Now at this point what I’m describing may sound easy. You may be thinking: “A few burpees and some hill sprints, I do that at my bootcamp three times a week”. This comes back to how difficult this is to describe. There is so much extra that I simply can’t cover; The crawling, leopard crawling, duck walking, bear crawling between sections, the constant grind of sand everywhere not only testing your muscles but rubbing away at your skin (Think about taking sandpaper to your genitals while trying to work out ;-)), the small amounts of food, the smaller amounts of sleep. This was not an easy ride.

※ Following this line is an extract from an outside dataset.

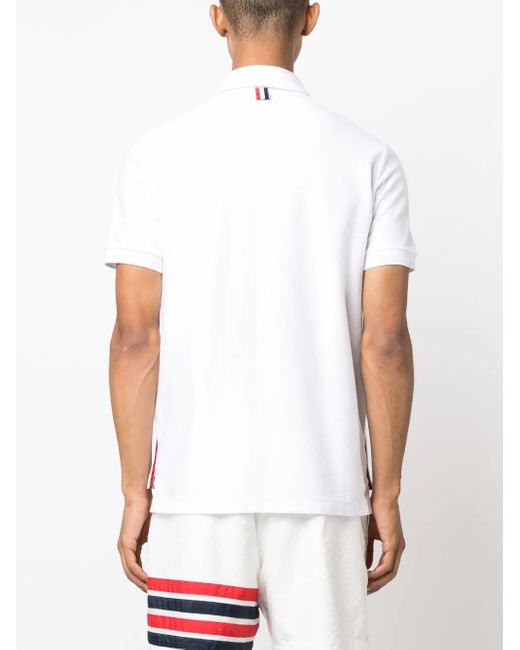 Thom Browne White Rwb Stripe Polo Shirt for men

The day continued with various team challenges involving weights and the checkpoints, along with a brutal sandbag session in the sea. I was convinced that the only thing that would/could stop me this weekend would be hypothermia and the slow pace of the jog back to basecamp from the shore with the sandbags via some very high checkpoints in the wind, and I started to shiver. A few were in the same position, but my brothers and sisters huddled in together to share body heat and I was soon back on track.
‘Penguining’ together to share body heat
After getting back to basecamp, the mind games continued whereby, as a group that was down to approx 35 people, we were asked to volunteer or vote for 5 people to exit from the process. The bonds that we had formed along with our own desire to see the process through to the end left us in gridlock. In the end, we were threatened with more beastings before coming back to do it again. A tactic of voting for the person to your left was put forward, and the first five people to do this were automatically exited by the Staff. The atmosphere dropped. The remaining competitors had the wind taken out of them. We proceeded with the next task as a group to checkpoint one with some heavy kit, trying to keep morale and the team spirit up where we were greeted by the five competitors who were just ‘exited’. They were still with us, and it was simply another tactic by the JD Staff to mess with our heads. As we knew before, this would be a showing of mental and well as physical toughness.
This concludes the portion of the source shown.